* _REQUIRED ACTION_: Although the data holds pictures, return only the lines from the one containing "Kalifornsky Cabin |" to the end, exactly, and without them.

DATA FOR THIS TASK section start

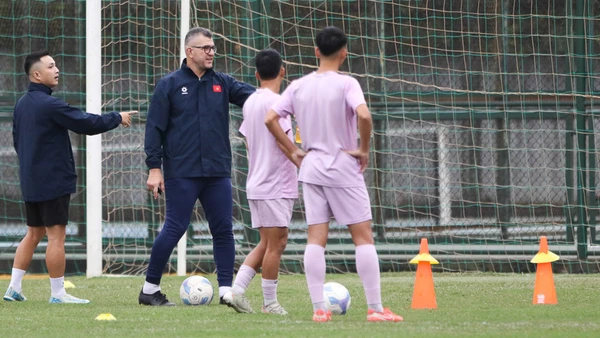 Huấn luyện viên Cristiano Roland dặn dò các học trò trong buổi tập của U17 Việt Nam. (Ảnh: VFF)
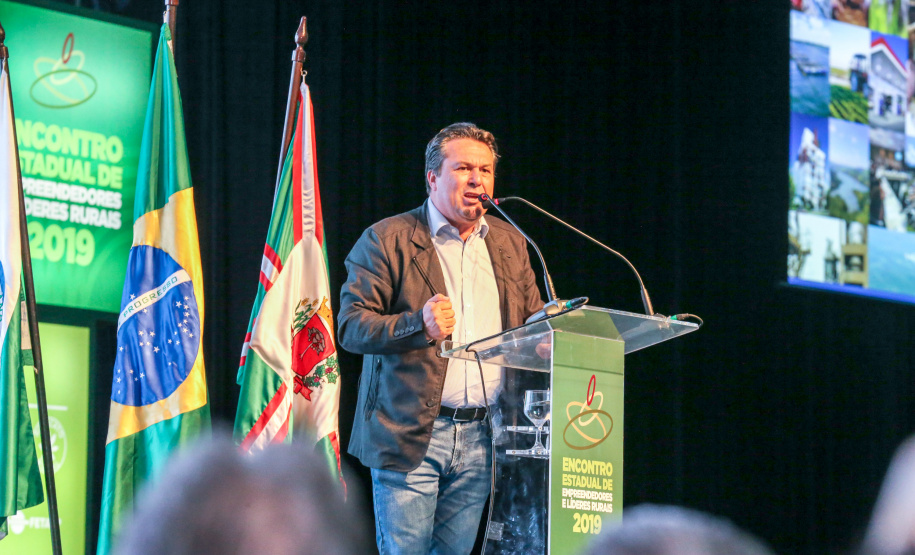 O governador em exercício, Darci Piana participa do Encontro Estadual de Empreendedores e Líderes Rurais no Expotrade Pinhais, na Região Metropolitana de Curitiba. Na foto, o secretário do Desenvolvimento Sustentável e do Turismo, Márcio Nunes. Curitiba, 22/11/2019 - Foto: Geraldo Bubniak/AEN
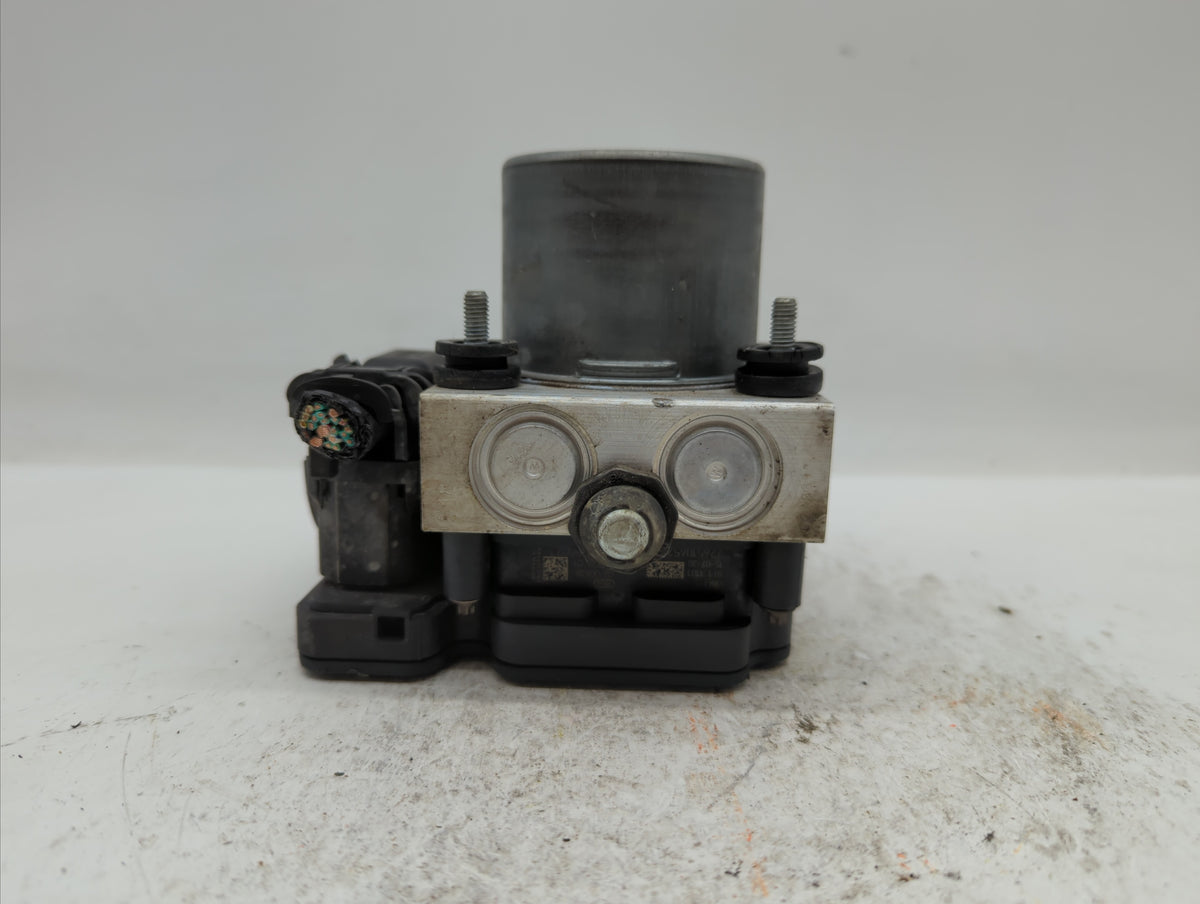 2014 Dodge Caravan Anti-Lock Brake ABS Pump Module Actuator OEM P/N:P68183803AC Fits OEM Used Auto Parts - Oemusedautoparts1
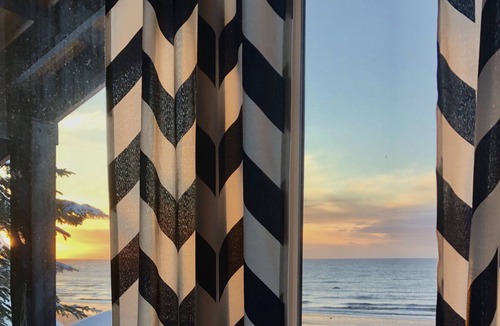 Kalifornsky Cabin | Experience as if it’s yours, a Contemporary luxury Cabin on Alaska’s #1 Beach.
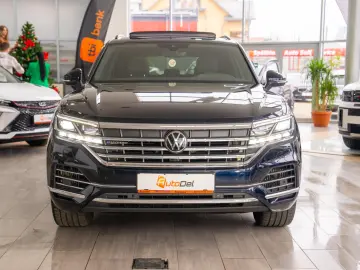 Volkswagen Touareg 3.0TSI eHybrid Tiptronic 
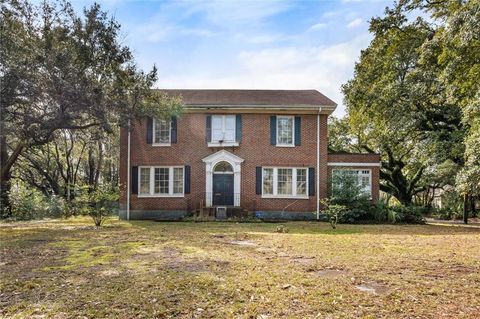 Photo of 1911 Government Street, Mobile, AL 36606 (MLS # 7703643)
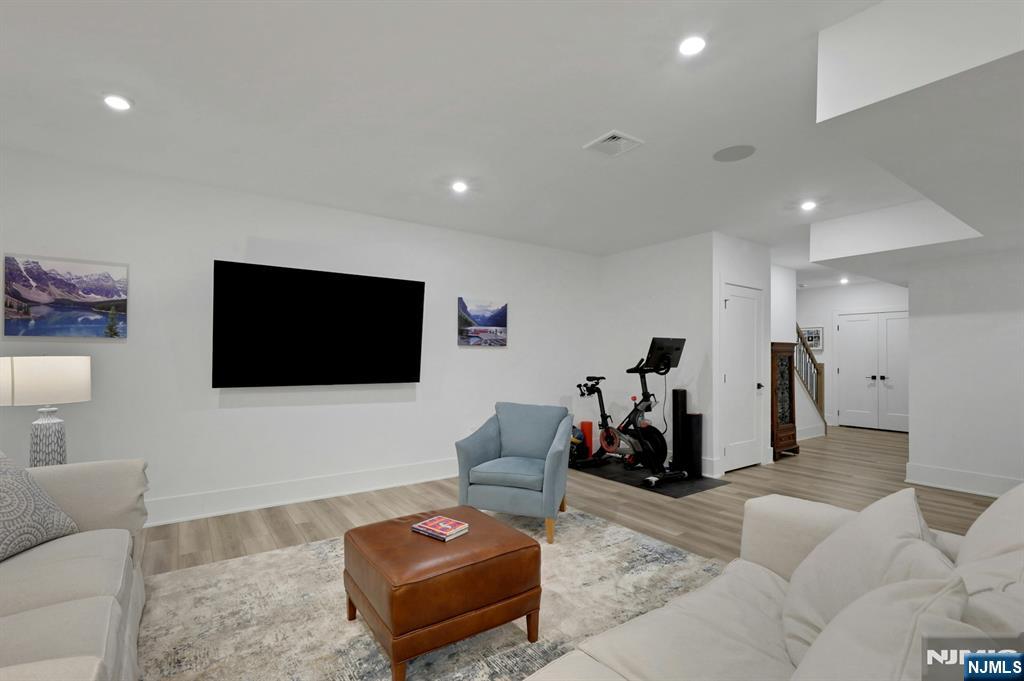 111 Woodmont Circle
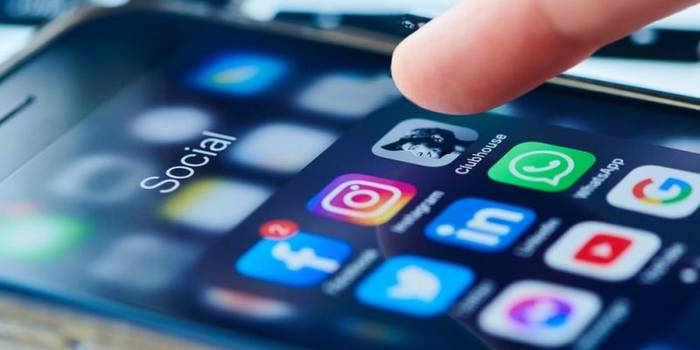 Adinekoentzako mundu digitalaren gaineko berbaldia Areatzan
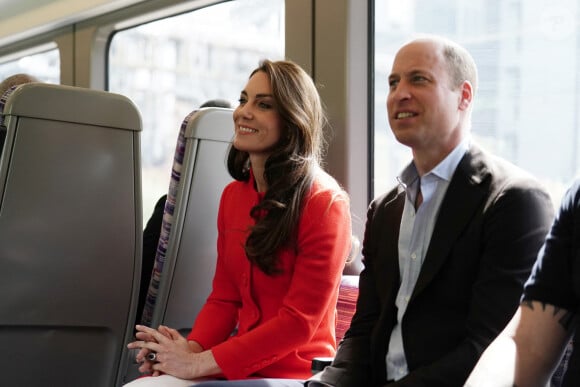 Le prince William, prince de Galles, et Catherine (Kate) Middleton, princesse de Galles, empruntent la ligne de métro Elizabeth pour visiter le pub Dog & Duck à Londres, le 4 mai 2023. Cette visite a pour objectif de voir comment l'établissement se prépare à célébrer le couronnement du roi d'Angleterre et de la reine consort, le 4 mai 2023. 
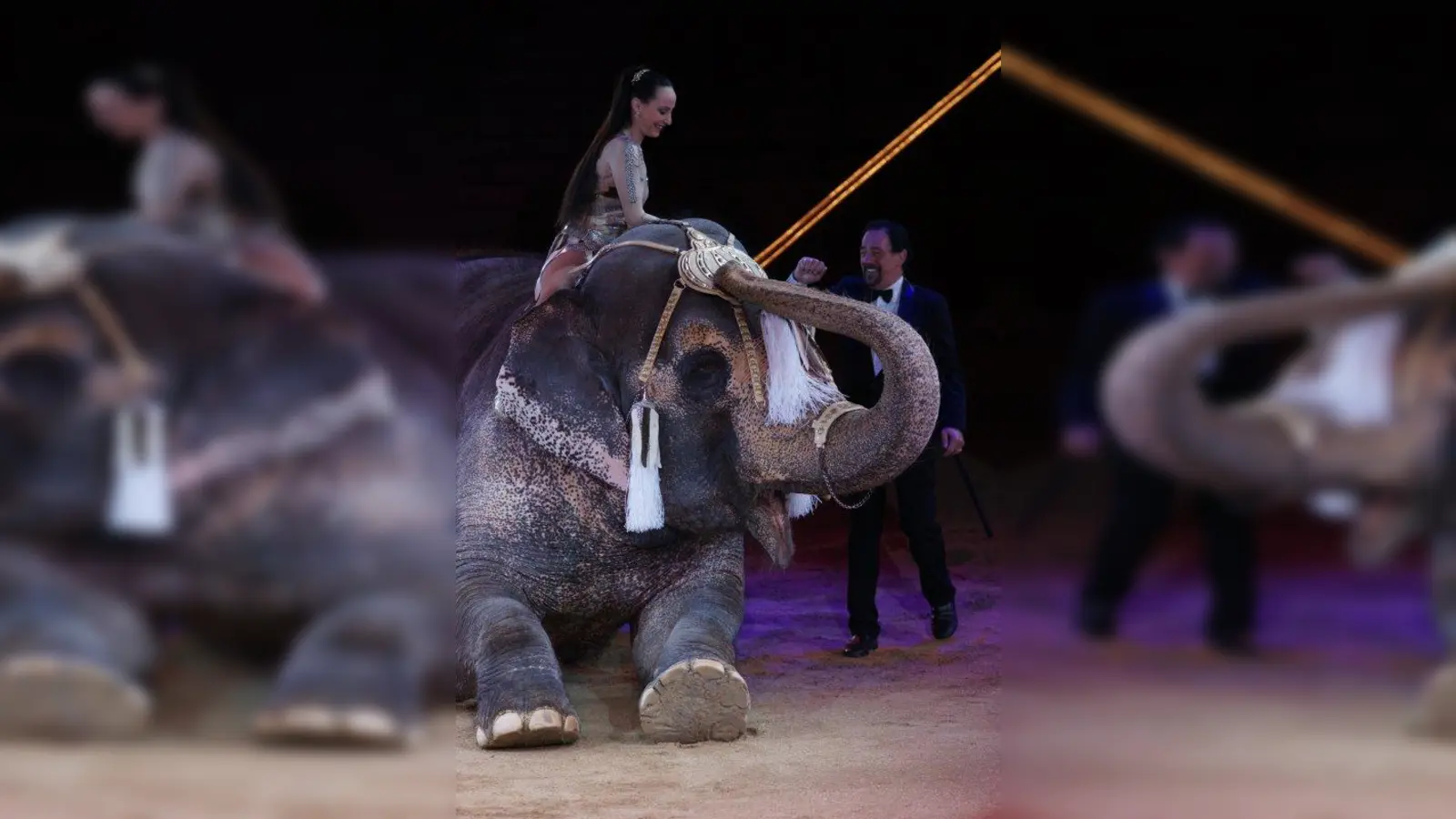 Circusprinzessin Jana Mandana und Tierlehrer James Puydebois mit dem Krone-Wappentier, dem Elefanten. (Foto: circus-krone.de)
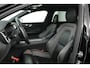 Volvo V60 B3 R-Design | Camera | Stoel & Stuurverwarming | Carplay | Half leder | Full LED | PDC | Memory | Keyless | Navigatie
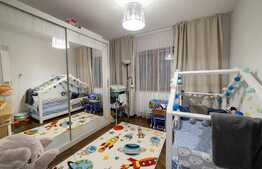 Apartament 3 camere, 2 balcoane, boxa si garaj! La cheie! 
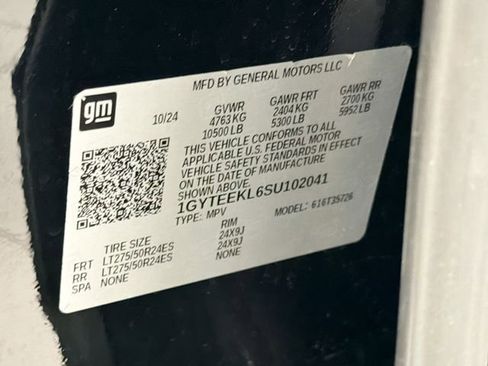 Used 2025 Cadillac Escalade IQ Sport 1 w/ LPO, ONYX Package AWD/4WD image 29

DATA FOR THIS TASK section end

* _SOLUTION FOR THIS EXERCISE_:
 Kalifornsky Cabin | Experience as if it’s yours, a Contemporary luxury Cabin on Alaska’s #1 Beach.
 Volkswagen Touareg 3.0TSI eHybrid Tiptronic 
 Photo of 1911 Government Street, Mobile, AL 36606 (MLS # 7703643)
 111 Woodmont Circle
 Adinekoentzako mundu digitalaren gaineko berbaldia Areatzan
 Le prince William, prince de Galles, et Catherine (Kate) Middleton, princesse de Galles, empruntent la ligne de métro Elizabeth pour visiter le pub Dog & Duck à Londres, le 4 mai 2023. Cette visite a pour objectif de voir comment l'établissement se prépare à célébrer le couronnement du roi d'Angleterre et de la reine consort, le 4 mai 2023. 
 Circusprinzessin Jana Mandana und Tierlehrer James Puydebois mit dem Krone-Wappentier, dem Elefanten. (Foto: circus-krone.de)
 Volvo V60 B3 R-Design | Camera | Stoel & Stuurverwarming | Carplay | Half leder | Full LED | PDC | Memory | Keyless | Navigatie
 Apartament 3 camere, 2 balcoane, boxa si garaj! La cheie! 
 Used 2025 Cadillac Escalade IQ Sport 1 w/ LPO, ONYX Package AWD/4WD image 29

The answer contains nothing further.